TO DO: Go through the following data and transcribe exactly the stretch of lines from the one holding "living room with" to the one holding "A woman carries", both included.

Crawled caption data
★ ★ ★

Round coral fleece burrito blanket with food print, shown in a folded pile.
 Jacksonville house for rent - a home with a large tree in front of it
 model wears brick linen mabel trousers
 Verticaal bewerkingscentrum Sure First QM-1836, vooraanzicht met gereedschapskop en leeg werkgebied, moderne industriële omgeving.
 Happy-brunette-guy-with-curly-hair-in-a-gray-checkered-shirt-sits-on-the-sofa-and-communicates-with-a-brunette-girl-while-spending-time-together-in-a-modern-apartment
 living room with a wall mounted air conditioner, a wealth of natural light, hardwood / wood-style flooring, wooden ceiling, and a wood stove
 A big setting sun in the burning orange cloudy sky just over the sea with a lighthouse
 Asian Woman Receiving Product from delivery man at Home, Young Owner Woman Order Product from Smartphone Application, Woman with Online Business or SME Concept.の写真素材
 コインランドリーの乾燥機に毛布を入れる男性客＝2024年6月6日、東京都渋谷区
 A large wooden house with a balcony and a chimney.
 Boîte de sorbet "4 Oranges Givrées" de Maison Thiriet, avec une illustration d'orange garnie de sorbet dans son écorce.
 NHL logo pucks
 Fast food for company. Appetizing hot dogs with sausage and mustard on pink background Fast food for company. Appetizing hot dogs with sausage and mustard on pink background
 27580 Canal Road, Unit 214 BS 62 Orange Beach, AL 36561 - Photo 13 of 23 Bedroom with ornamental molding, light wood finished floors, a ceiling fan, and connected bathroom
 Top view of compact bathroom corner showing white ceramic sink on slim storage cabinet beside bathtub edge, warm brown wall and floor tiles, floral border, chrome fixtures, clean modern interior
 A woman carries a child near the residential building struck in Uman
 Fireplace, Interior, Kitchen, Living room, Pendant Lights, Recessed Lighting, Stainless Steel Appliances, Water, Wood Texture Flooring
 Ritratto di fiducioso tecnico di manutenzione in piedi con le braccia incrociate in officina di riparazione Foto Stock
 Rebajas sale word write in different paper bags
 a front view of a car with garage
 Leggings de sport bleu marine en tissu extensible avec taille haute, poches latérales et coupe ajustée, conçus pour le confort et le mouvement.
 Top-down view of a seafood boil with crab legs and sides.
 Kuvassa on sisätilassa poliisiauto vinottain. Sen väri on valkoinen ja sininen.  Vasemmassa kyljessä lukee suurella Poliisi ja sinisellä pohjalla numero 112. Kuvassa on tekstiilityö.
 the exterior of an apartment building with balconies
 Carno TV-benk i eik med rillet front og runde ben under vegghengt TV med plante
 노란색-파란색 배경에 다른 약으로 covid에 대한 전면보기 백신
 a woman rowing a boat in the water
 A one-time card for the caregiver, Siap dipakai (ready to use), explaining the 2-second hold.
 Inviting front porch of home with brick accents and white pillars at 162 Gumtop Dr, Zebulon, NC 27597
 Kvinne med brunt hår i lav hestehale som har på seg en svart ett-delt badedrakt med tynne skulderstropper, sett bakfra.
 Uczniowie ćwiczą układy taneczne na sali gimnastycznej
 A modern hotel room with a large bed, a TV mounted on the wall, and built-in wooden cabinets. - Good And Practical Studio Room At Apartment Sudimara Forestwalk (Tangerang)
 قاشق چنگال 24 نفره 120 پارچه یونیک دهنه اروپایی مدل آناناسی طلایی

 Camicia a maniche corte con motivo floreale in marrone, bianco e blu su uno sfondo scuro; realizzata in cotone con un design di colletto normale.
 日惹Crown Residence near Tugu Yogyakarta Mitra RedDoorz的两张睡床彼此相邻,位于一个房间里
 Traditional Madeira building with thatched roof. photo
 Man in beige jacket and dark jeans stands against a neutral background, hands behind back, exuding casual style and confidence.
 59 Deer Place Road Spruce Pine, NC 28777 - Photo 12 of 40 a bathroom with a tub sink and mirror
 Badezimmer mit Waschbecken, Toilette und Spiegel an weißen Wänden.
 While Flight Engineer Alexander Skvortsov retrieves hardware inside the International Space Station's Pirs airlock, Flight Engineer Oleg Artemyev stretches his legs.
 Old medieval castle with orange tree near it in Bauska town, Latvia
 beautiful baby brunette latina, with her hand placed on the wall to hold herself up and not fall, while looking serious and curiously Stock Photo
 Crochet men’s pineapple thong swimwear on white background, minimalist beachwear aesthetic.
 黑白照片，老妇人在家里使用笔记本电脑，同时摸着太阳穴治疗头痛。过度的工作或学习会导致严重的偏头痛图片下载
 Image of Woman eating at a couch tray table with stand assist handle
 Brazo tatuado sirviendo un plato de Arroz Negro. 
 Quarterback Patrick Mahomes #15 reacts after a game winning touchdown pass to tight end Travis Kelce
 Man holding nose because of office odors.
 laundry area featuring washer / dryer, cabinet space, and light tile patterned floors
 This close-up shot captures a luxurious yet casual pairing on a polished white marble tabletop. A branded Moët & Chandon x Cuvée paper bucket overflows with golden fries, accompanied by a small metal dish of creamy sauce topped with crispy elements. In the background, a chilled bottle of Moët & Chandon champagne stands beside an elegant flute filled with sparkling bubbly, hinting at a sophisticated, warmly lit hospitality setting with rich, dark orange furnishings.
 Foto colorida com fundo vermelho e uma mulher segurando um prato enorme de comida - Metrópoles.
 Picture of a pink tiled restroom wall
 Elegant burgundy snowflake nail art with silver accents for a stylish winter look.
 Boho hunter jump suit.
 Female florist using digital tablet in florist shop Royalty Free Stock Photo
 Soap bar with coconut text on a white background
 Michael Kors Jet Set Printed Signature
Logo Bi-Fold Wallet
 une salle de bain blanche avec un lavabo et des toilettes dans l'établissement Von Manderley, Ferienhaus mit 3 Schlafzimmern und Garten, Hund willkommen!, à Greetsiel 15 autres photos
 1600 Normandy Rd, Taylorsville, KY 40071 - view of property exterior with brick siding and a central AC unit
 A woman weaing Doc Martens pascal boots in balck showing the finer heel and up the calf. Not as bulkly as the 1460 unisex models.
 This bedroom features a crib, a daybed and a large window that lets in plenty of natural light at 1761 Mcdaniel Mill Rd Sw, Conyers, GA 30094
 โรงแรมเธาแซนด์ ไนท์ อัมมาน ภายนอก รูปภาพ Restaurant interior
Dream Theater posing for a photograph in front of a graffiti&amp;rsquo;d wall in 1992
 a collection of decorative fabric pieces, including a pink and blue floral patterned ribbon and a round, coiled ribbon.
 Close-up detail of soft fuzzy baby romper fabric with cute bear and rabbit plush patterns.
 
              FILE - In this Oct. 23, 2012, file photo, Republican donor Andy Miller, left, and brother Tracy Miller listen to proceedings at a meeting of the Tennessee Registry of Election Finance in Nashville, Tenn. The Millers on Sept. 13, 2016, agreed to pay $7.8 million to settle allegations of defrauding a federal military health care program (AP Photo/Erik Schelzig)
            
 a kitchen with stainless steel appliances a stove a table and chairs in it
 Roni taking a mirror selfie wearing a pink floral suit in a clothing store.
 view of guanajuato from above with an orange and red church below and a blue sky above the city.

★ ★ ★

ANSWER TO THIS PROBLEM:
 living room with a wall mounted air conditioner, a wealth of natural light, hardwood / wood-style flooring, wooden ceiling, and a wood stove
 A big setting sun in the burning orange cloudy sky just over the sea with a lighthouse
 Asian Woman Receiving Product from delivery man at Home, Young Owner Woman Order Product from Smartphone Application, Woman with Online Business or SME Concept.の写真素材
 コインランドリーの乾燥機に毛布を入れる男性客＝2024年6月6日、東京都渋谷区
 A large wooden house with a balcony and a chimney.
 Boîte de sorbet "4 Oranges Givrées" de Maison Thiriet, avec une illustration d'orange garnie de sorbet dans son écorce.
 NHL logo pucks
 Fast food for company. Appetizing hot dogs with sausage and mustard on pink background Fast food for company. Appetizing hot dogs with sausage and mustard on pink background
 27580 Canal Road, Unit 214 BS 62 Orange Beach, AL 36561 - Photo 13 of 23 Bedroom with ornamental molding, light wood finished floors, a ceiling fan, and connected bathroom
 Top view of compact bathroom corner showing white ceramic sink on slim storage cabinet beside bathtub edge, warm brown wall and floor tiles, floral border, chrome fixtures, clean modern interior
 A woman carries a child near the residential building struck in Uman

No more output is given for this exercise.